George Leonard, the principal of the Bedford Academy High School in Bedford-Stuyvesant, Brooklyn, used to take a straightforward approach to ensuring that students at the school he founded showed up for after-school tutoring when he or their teachers thought they needed it.
“We’d block the exits,” Mr. Leonard said. His background as a star educator qualified him for the job of principal; his hulking six-foot frame qualified him for the job of reverse bouncer, a position he would still have if Bedford Academy hadn’t relocated shortly after its first year in 2003, moving to a building where the doors outnumber the teachers who could block them.

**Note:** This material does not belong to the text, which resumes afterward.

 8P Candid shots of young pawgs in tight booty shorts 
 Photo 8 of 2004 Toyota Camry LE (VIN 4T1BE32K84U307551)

Mr. Leonard is a man of many solutions, many of them innovative, many of them, apparently, also effective. In New York City, only about 50 percent of students manage to graduate in four years. At Bedford Academy,
63 percent of the students qualify for free lunch, a majority are being raised by a single mother and another significant number are being raised by someone other than a parent. Yet close to 95 percent of students graduate, and virtually every one of those goes on to college.Mr. Leonard does not achieve those results by stocking the school full of nothing but high-testing students, an option he has had since 2004, when thousands of students started applying for just over 100 slots at the school each year. To the contrary, he has committed to keeping a third of the entering slots open for students who previously tested in the city’s bottom half on statewide math and reading exams.